**Task description:**
Only text belongs in your copy of the listing below; reproduce it exactly and leave out the pictures.

**Supplied data:**
━━━━━━━━━━━━━━━━━━━━━━━━━━━━━━

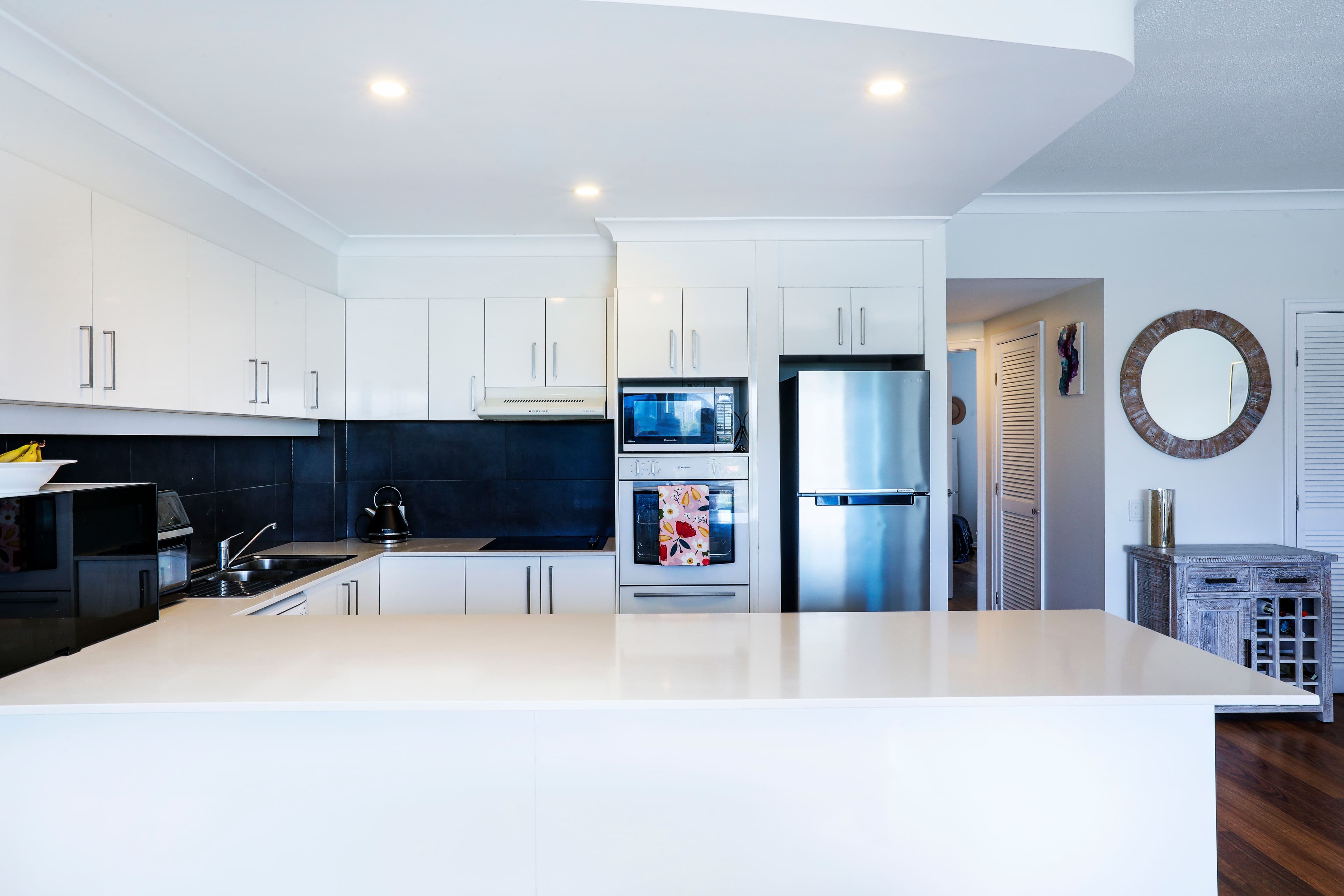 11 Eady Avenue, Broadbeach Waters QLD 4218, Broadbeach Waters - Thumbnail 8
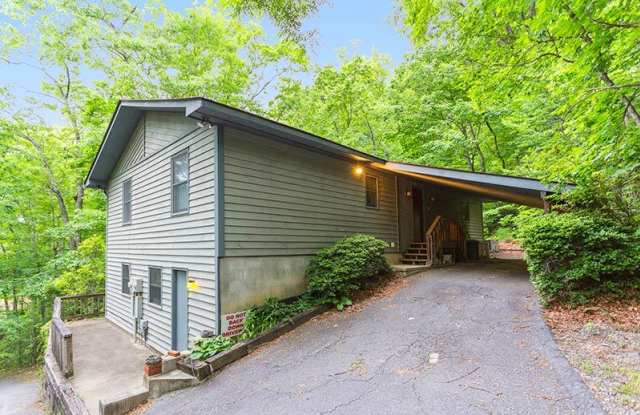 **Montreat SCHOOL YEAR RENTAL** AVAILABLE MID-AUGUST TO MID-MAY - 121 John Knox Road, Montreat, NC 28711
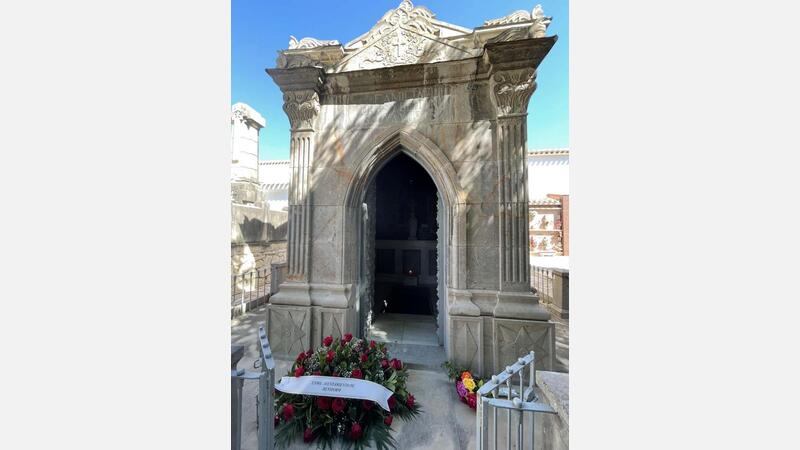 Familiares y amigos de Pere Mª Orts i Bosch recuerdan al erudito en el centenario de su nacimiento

━━━━━━━━━━━━━━━━━━━━━━━━━━━━━━

**Response below:**
 11 Eady Avenue, Broadbeach Waters QLD 4218, Broadbeach Waters - Thumbnail 8
 **Montreat SCHOOL YEAR RENTAL** AVAILABLE MID-AUGUST TO MID-MAY - 121 John Knox Road, Montreat, NC 28711
 Familiares y amigos de Pere Mª Orts i Bosch recuerdan al erudito en el centenario de su nacimiento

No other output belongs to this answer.